What the task requires: For every line below, restate it exactly and drop the images.

Raw data:
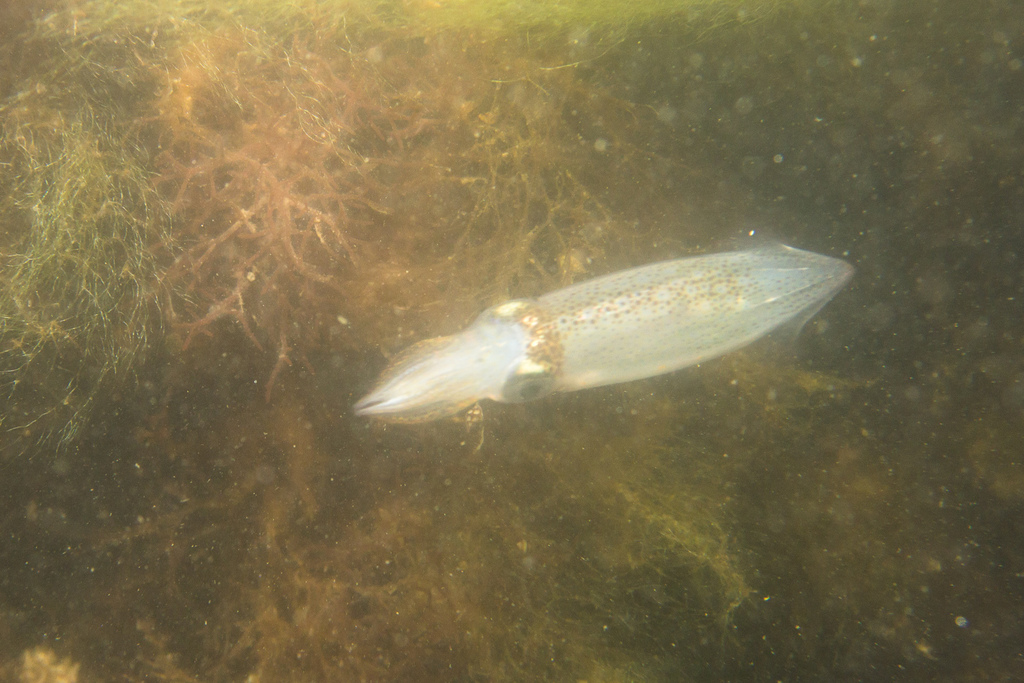 Shortfin Squids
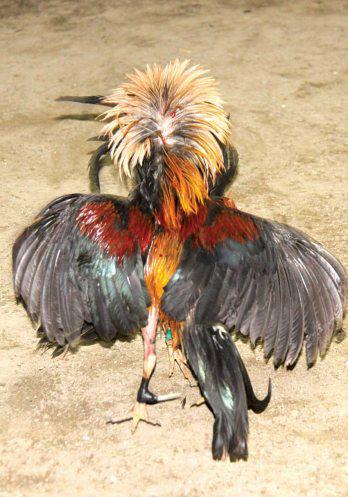 Pelea de Gallos en Palpa y Nasca
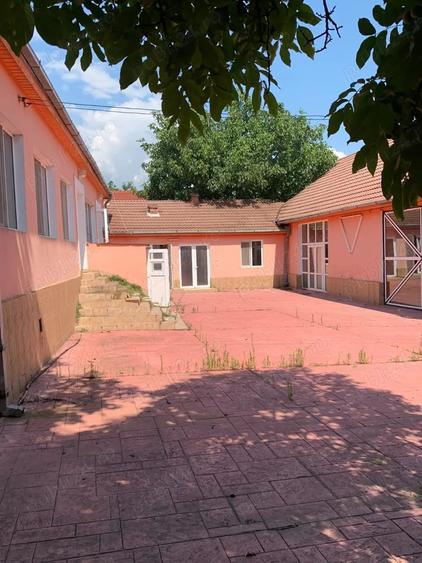 Casă cu 2 camere cu Teren 1800 Mp în Cricău
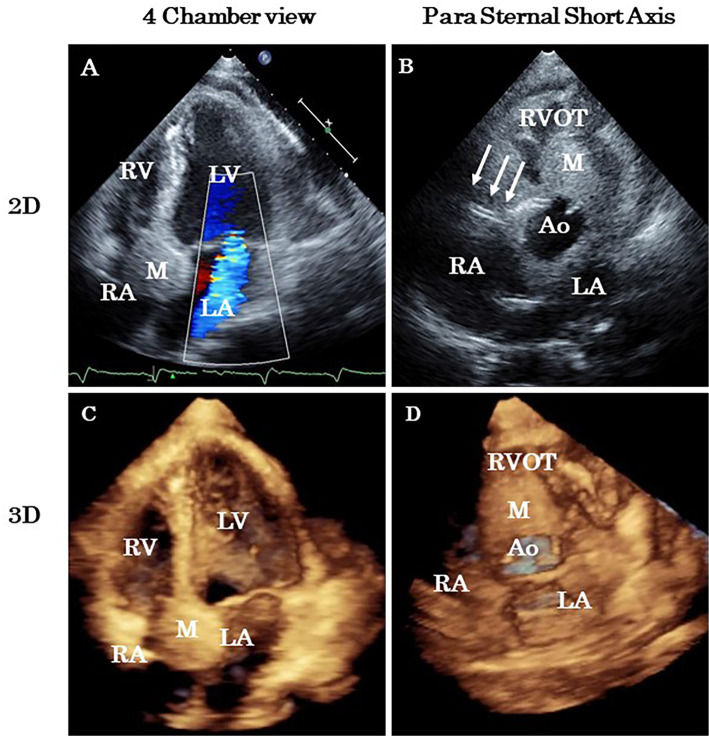 Figure 4.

Response to the exercise:
 Shortfin Squids
 Pelea de Gallos en Palpa y Nasca
 Casă cu 2 camere cu Teren 1800 Mp în Cricău
 Figure 4.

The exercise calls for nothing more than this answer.